Em alguns casos, também foram identificadas cláusulas de confidencialidade que restringem o acesso às informações sobre as dinâmicas de operação das tecnologias. Por exemplo, no caso do CoronApp, na Colômbia, o Instituto Nacional de Saúde era a entidade originalmente encarregada pelos dados coletados no aplicativo, mas delegou essa responsabilidade à Agência Nacional Digital por meio de um Contrato de Transmissão de Dados Pessoais. Nele, as condições relacionadas à confidencialidade das informações trocadas ou criadas entre entidades são excessivamente amplas, abrangendo informações financeiras, listas de clientes, investidores, funcionários, relações comerciais e planos de marketing, elementos que devem ser de conhecimento público de acordo com a lei de acesso à informação colombiana.
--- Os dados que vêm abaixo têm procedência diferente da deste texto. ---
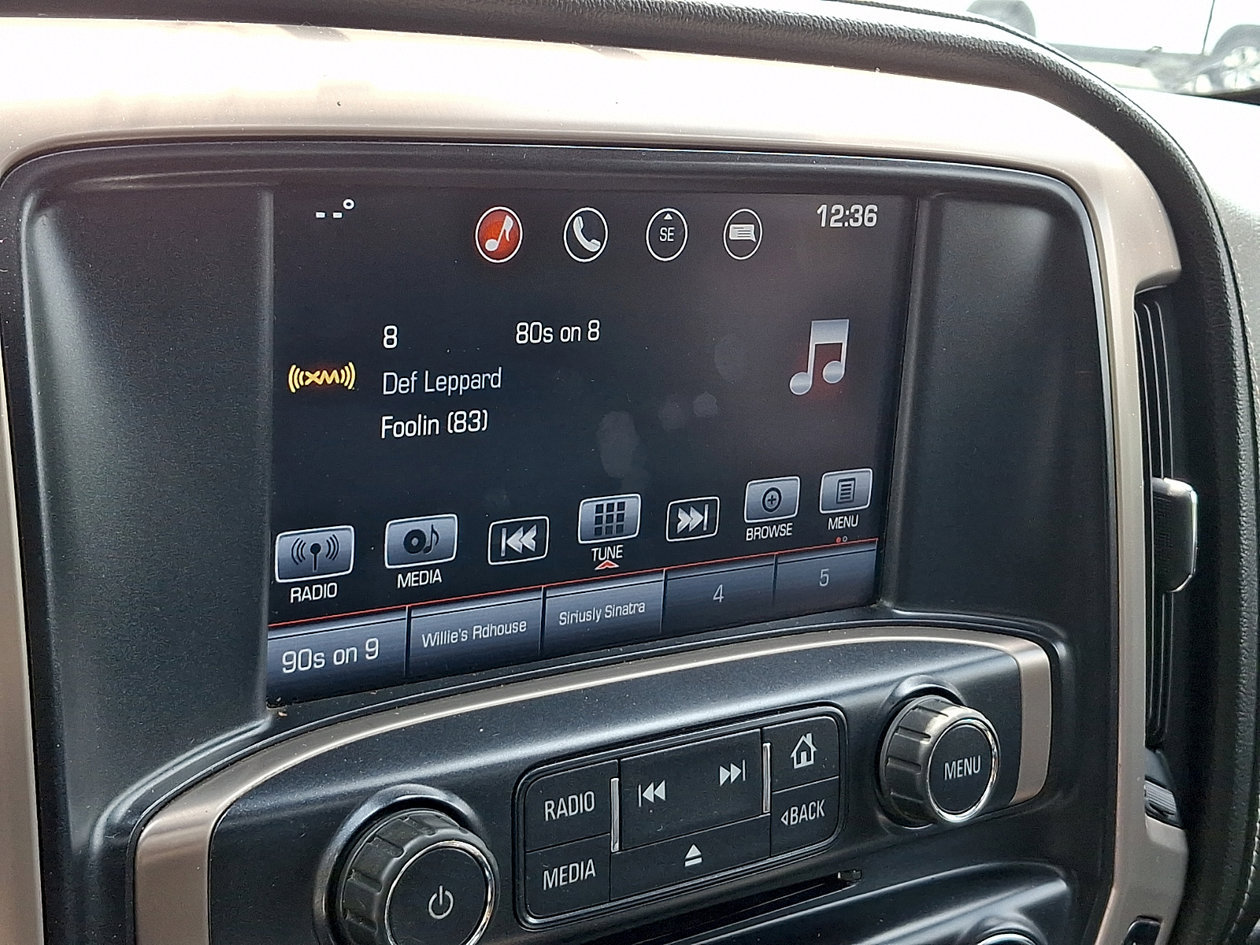 Used 2016 GMC Sierra 2500 Denali w/ Driver Alert Package AWD/4WD image 18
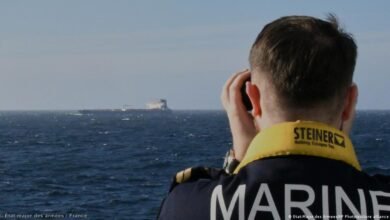 فرانسیسی بحریہ نے روسی ’شیڈو فلیٹ‘ کا مشتبہ ٹینکر بحیرہ روم میں ضبط کر لیا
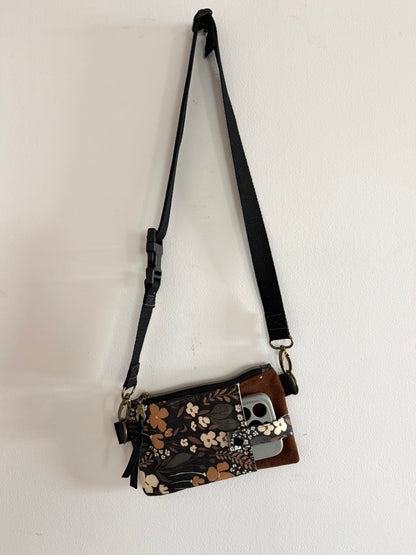 Petite sacoche à cellulaire avec pochette zippé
Outro ponto de atenção é sobre a adequação desses instrumentos aos propósitos das parcerias ou contratações. Novamente usando o caso do CoronApp colombiano como exemplo, as adaptações do aplicativo para o contexto da Covid-19 foram feitas a partir de um memorando de entendimento entre a Agência Nacional Digital e o Ministério da Saúde. Memorandos de entendimento não são contratos em si. Apesar desses acordos gerarem efeitos jurídicos vinculantes entre as partes, eles carecem de definições em relação a sanções que podem incorrer a elas no caso de descumprimento das previsões. Esse exemplo também mostra que os problemas identificados não se restringem a relações público-privadas, já que o desenvolvimento esteve a cargo de duas instituições públicas.
Proteção de dados é direito fundamental
A análise sobre as formas de aquisição de tecnologias da Covid-19 em diferentes países da América Latina traz à tona desafios comuns na região. Os problemas identificados estão mais relacionados à falta de boas práticas de governança de dados e de transparência nas parcerias e contratações, do que com a necessidade de marcos regulatórios específicos ou mudanças na legislação. Princípios básicos da Administração Pública — formalização, accountability, publicidade e prevenção de conflito de interesses — deveriam estar sendo observados no desenvolvimento dessas tecnologias, independentemente do instrumento escolhido para sua realização. Aspectos sobre o compartilhamento de dados pessoais, ponto mais sensível dessa relação entre governos e outras instituições ou empresas, ficaram à margem desses instrumentos.
O que fica evidente nos casos analisados é que os governos não estão encarando a proteção de dados pessoais como um direito fundamental a ser garantido em qualquer situação. Mesmo com a necessidade de ação rápida frente à pandemia, garantias básicas podem e devem ser previstas nessas relações. Afinal, a situação emergencial provocada pela pandemia deve acabar — mas os eventuais danos causados às pessoas pela exposição ou compartilhamento indevido de seus dados são irreversíveis. O tema deve ser colocado com urgência na agenda pública para que os limites e procedimentos para tratamento de dados pessoais sejam discutidos pela sociedade — o que só será possível com mais transparência dos acordos e práticas atuais.